◆ **REQUIREMENT**
Restate all the data word for word and omit the pictures.

Captioned web image data:
☆ ☆ ☆ ☆

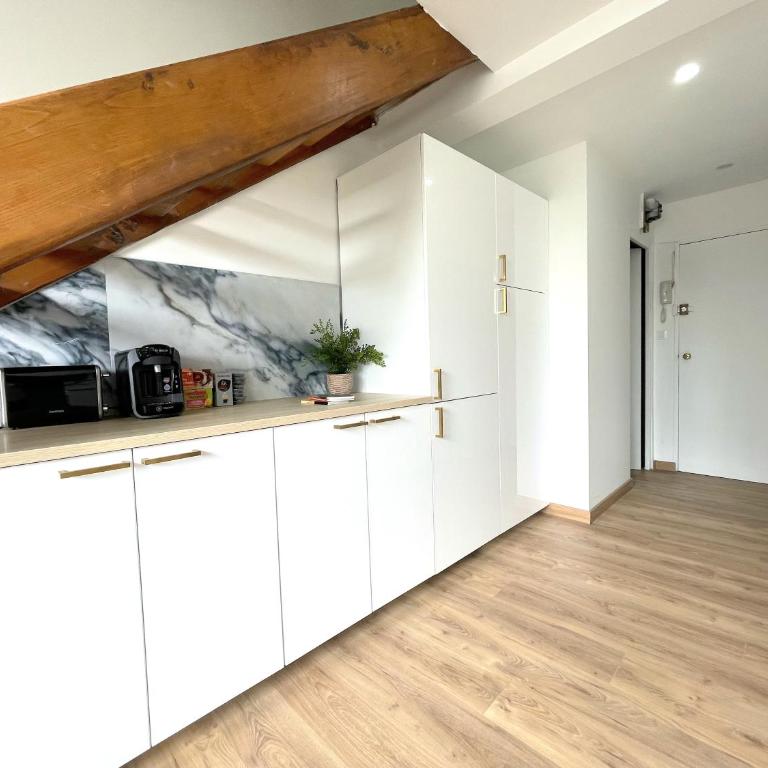 Le Compans: exceptionnel T5 en berges du Canal - Appartement - 4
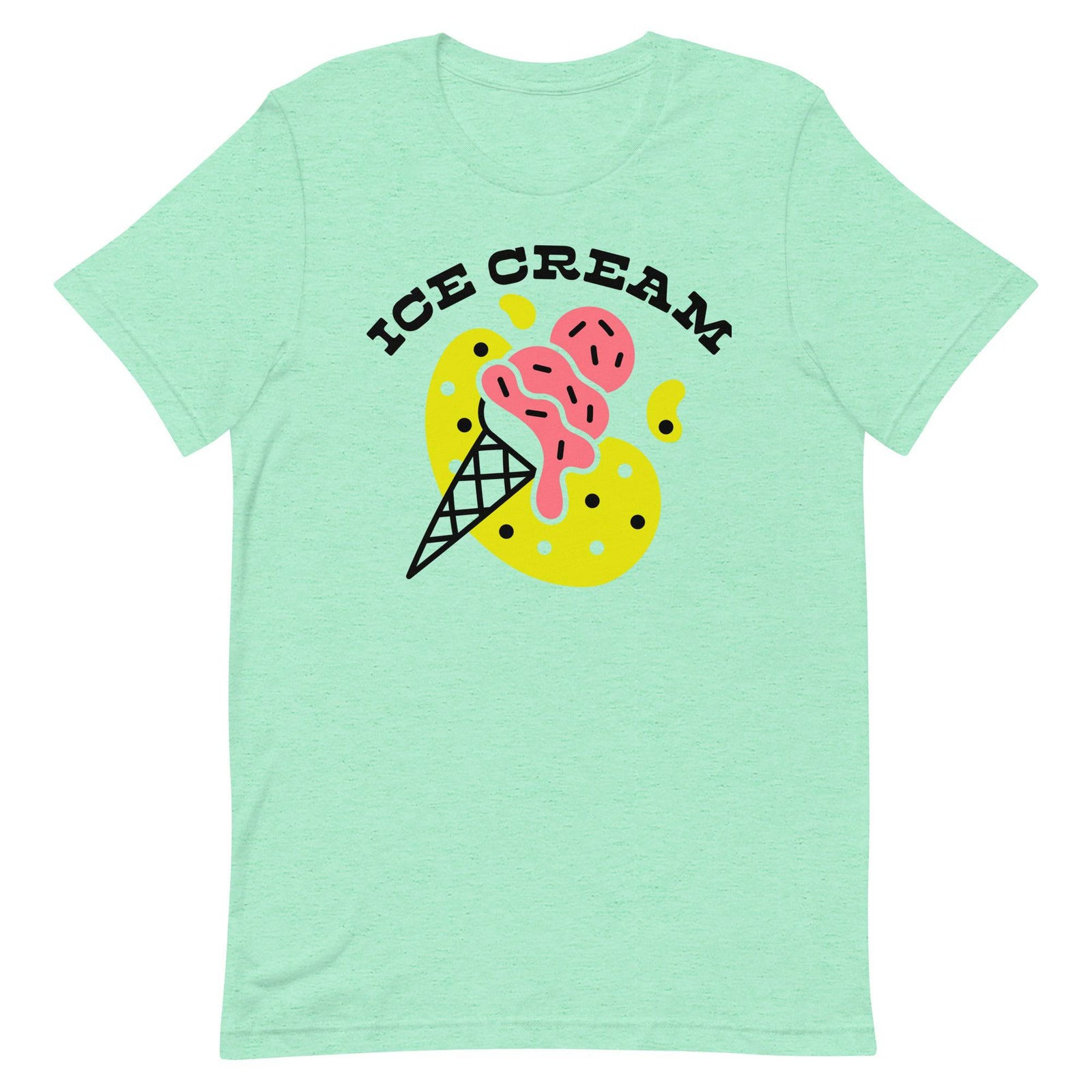 Ice Cream Tee - AKA Apparel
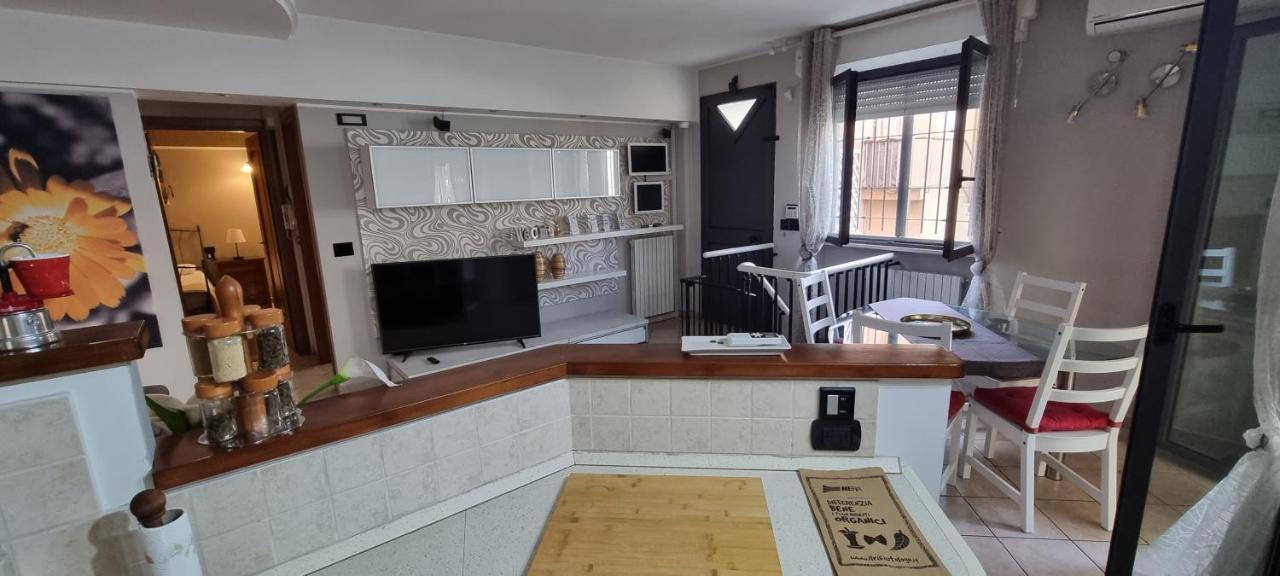 Chic & Relax Apartment Римини Экстерьер фото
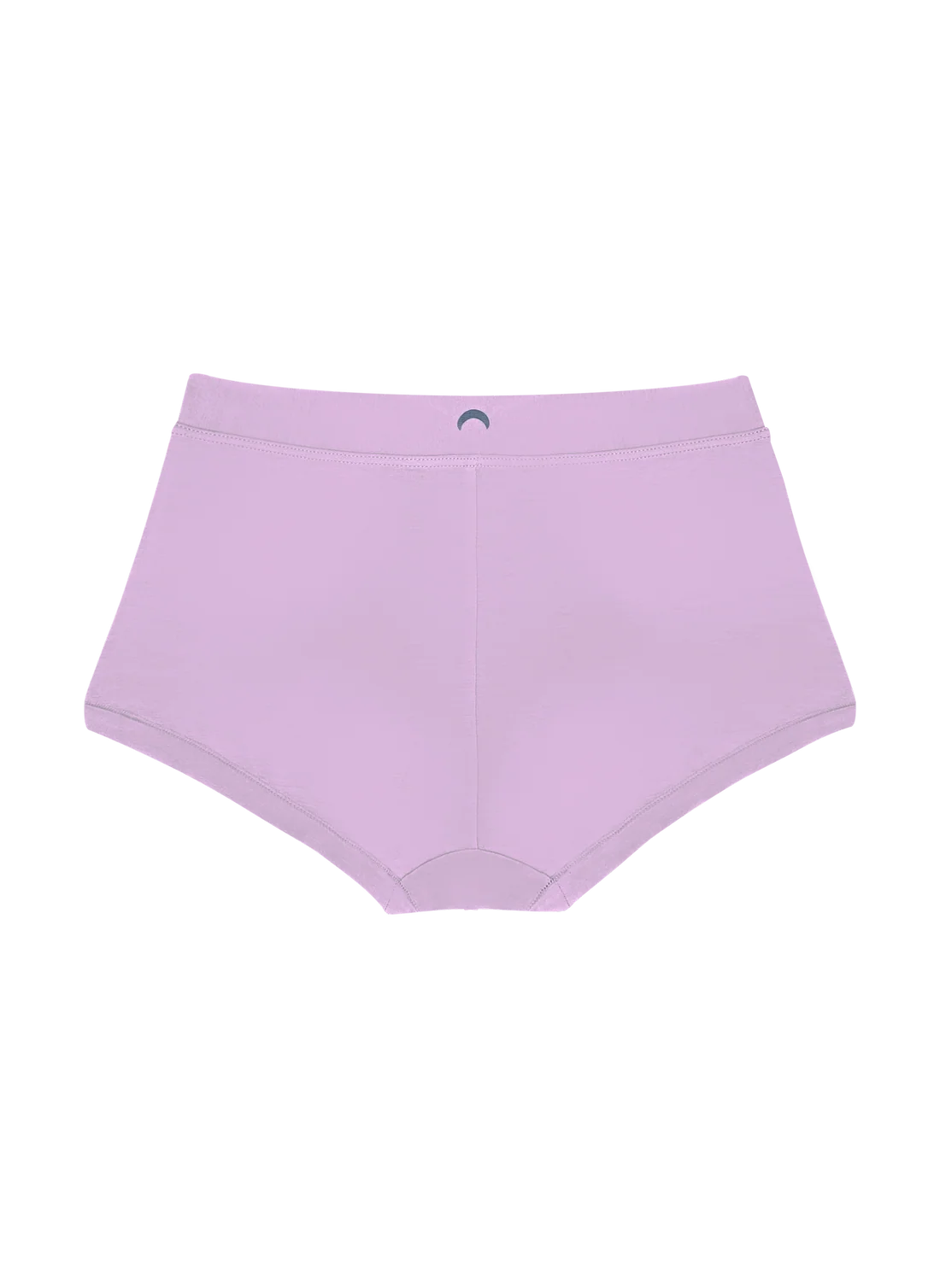 HUHA Mineral Brief Lilac TENCEL Modal back view — Cloud Nine Pajamas Edmonton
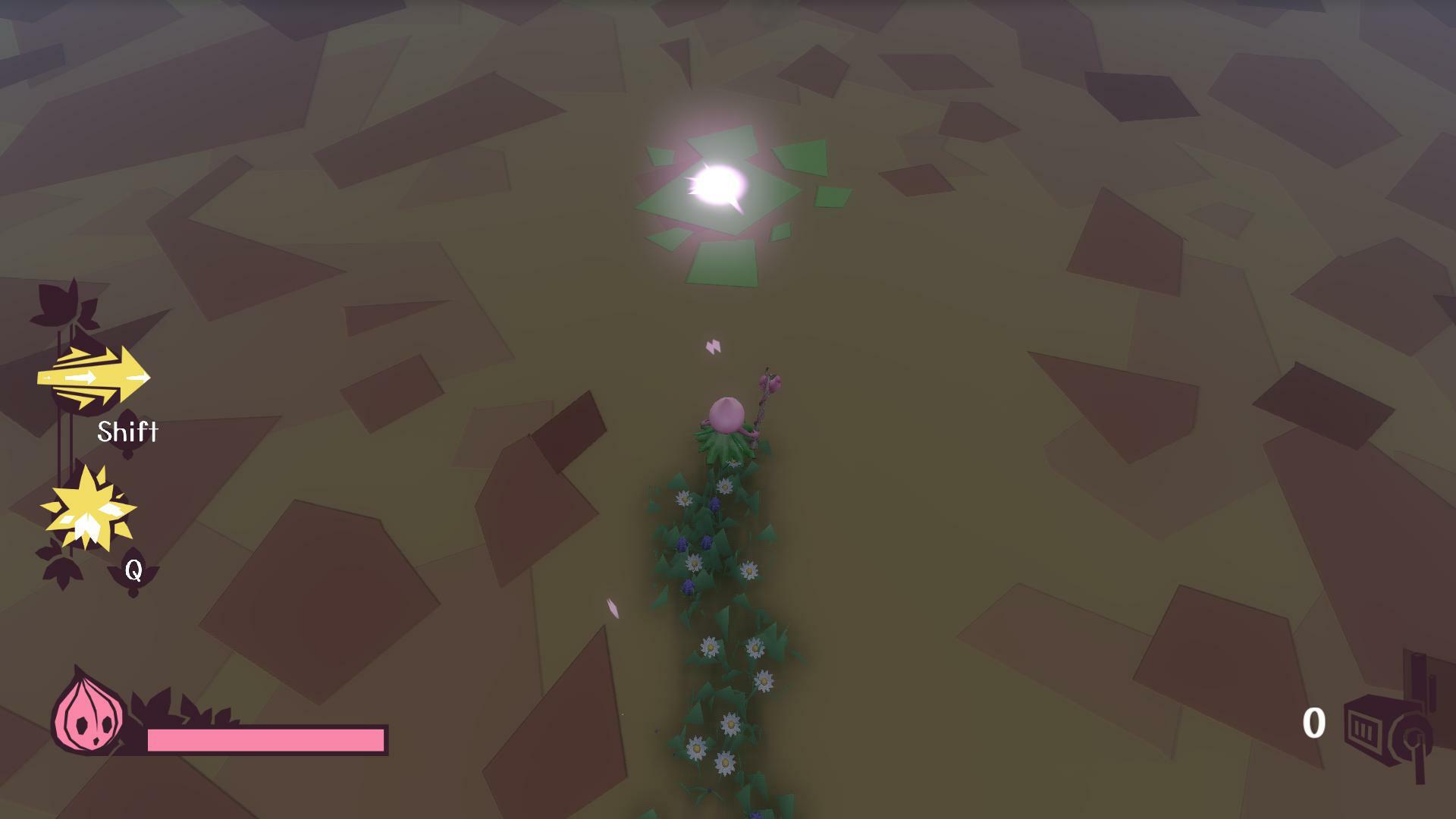 Cepa's Call: Return of the Forest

☆ ☆ ☆ ☆

◆ **SOLUTION TO THIS EXERCISE**
 Le Compans: exceptionnel T5 en berges du Canal - Appartement - 4
 Ice Cream Tee - AKA Apparel
 Chic & Relax Apartment Римини Экстерьер фото
 HUHA Mineral Brief Lilac TENCEL Modal back view — Cloud Nine Pajamas Edmonton
 Cepa's Call: Return of the Forest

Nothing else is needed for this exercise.